Source: Daring Fireball

Speaker for the Dead

Speaker for the Dead:

At his funeral, I would have been called on to tell a story and would have had an impossible choice. The people wouldn’t have understood if I told the truth, even a very abbreviated truth. It would have been unfair to make them listen to it. They don’t need to know. But I am a writer, and I plan to, at some point, write this story. Without having a name for it at the time, I can now say I wanted to Speak for the Dead, and not tell a fake story. So I chose not to go.

[I loved the Ender books since I read them in early in my college days. And the notion of Speaking the Truth was a powerful one for me as well. Dave made a really difficult choice, atmo. It’s the sort of decision that makes me rethink integrity and its place in our lives, and what it is at a fundamental level. There’s a story I’d like to write one day.]

Source: Scripting News

The real reason Marissa Mayer left Google: She had to

The real reason Marissa Mayer left Google: She had to:

As a sidenote, it’s interesting that most of the press (although not this piece) has focused on Mayer’s gender. I look forward to the time when female CEOs are so commonplace that a new one is no longer newsworthy.

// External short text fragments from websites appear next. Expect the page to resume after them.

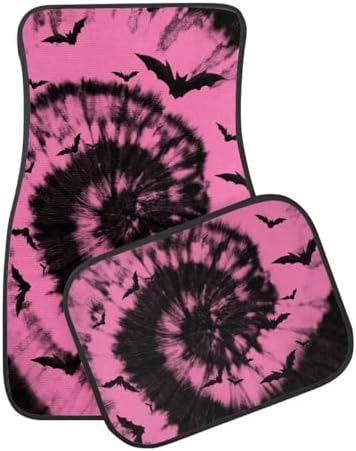 Pink Black Tie Dye Bat Print Funny Halloween Car Floor Mats 4 PCS, Cute Durable Interior Accessories for Car SUV, All Weather Floor Mats with Front Rear Trunk Liners Set for Party
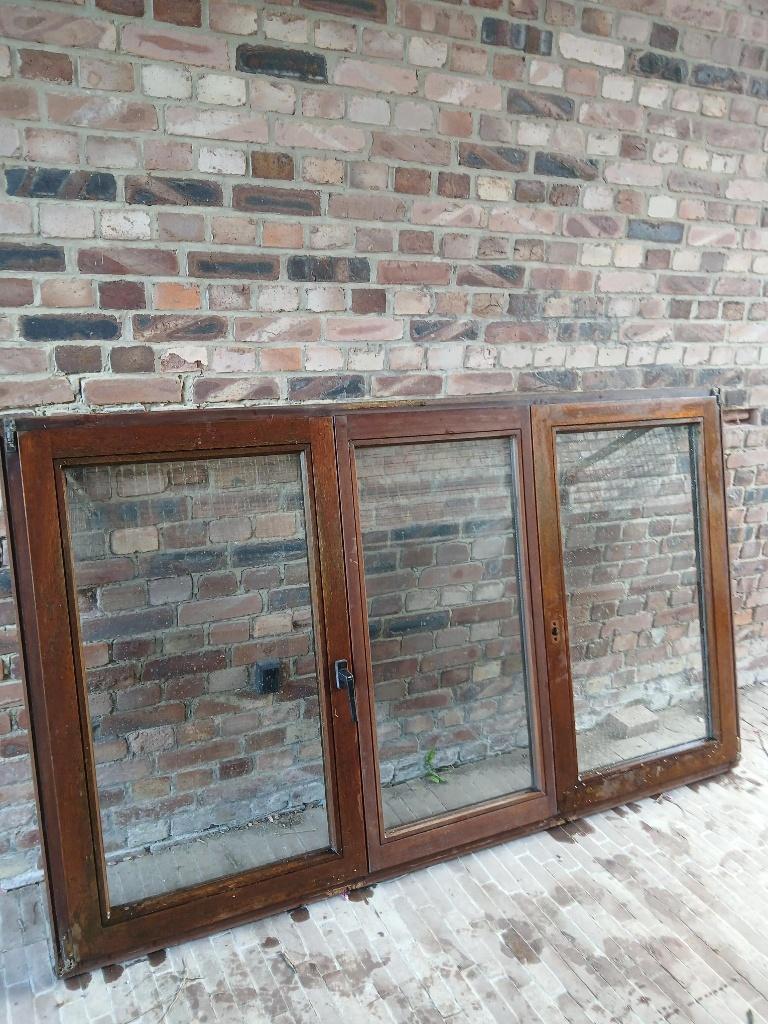 Meranti raam met dubbel glas, Ophalen, Gebruikt, Dubbelglas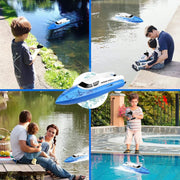 Zacro RC Battery-Powered Remote Control Boat, High-Speed 20+ MPH Racing, Blue, 2 Rechargeable Batteries, RH727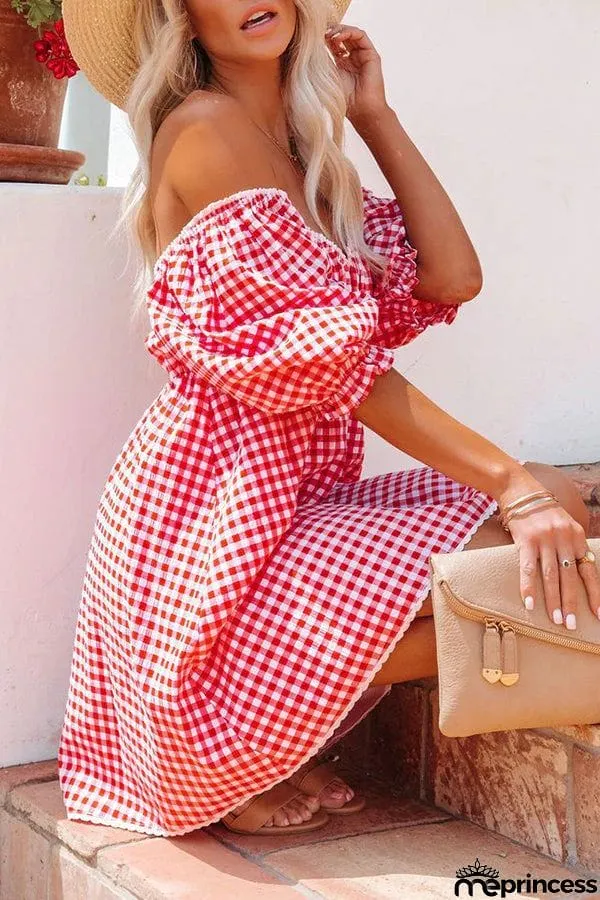 Check Print Lace Panel Backless Mini Dress
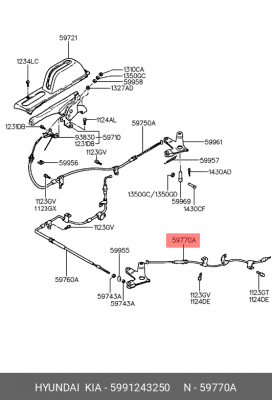 Трос, стояночная тормозная система 5991243250 HYUNDAI KIA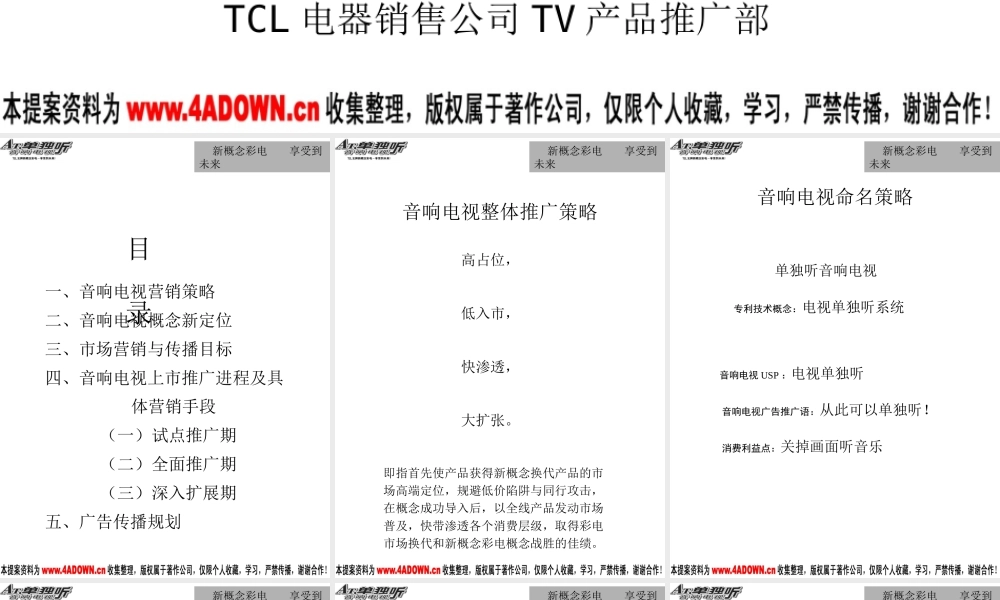 TCL王牌单独听音响电视上市营销方案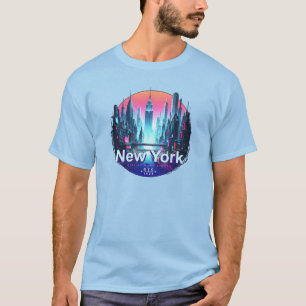 T-shirt Ville de New York éclairée par Neon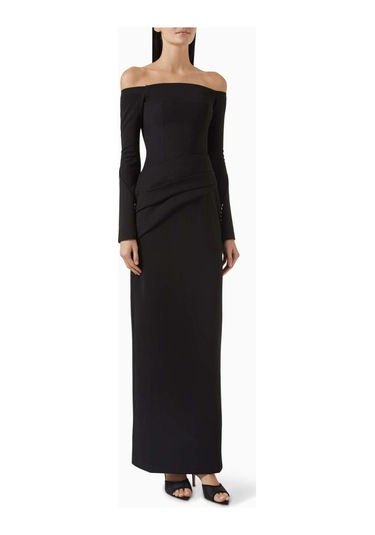 Eegen Studio Louisa Maxi Elbise - Off - Shoulder, Düğmeli Kollar, Şık Drapeli Bel, Zarif Umi Kumaş Siyah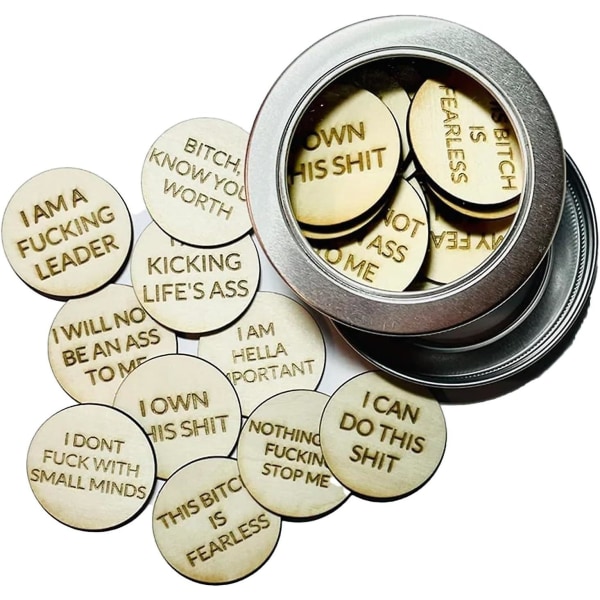 13 Sweary Affirmation Discs, Mini Sweary Affirmation Discs, Mini Swear Affirmations, Motivational Statement, Unique Funny Gifts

In Mayer’s case, it’s also worth asking why so much coverage hasn’t focused on a different issue. Every time Apple loses one of its Senior VPs, we see stories questioning Apple’s leadership and future, suggesting that there may be significant inner turmoil.

Well, Google just lost one of its top people.

[Yeah to both points.]

Source: Marco.org

Shep on Bass – Blog – Interview: Janek Gwizdala

Shep on Bass – Blog – Interview: Janek Gwizdala:

“Well what I’m going for, before you get anything in the signal chain, is control over my sound with my fingers. No EQ on either the amp or the bass, just a range of sonic motion using the wood, the strings, and my hands. Sometimes I’m successful, sometimes not, but that’s the concept at least.

[Amen. Still teaching students this for 30+ years of electric guitar playing. Sound via fingers… all else will follow.]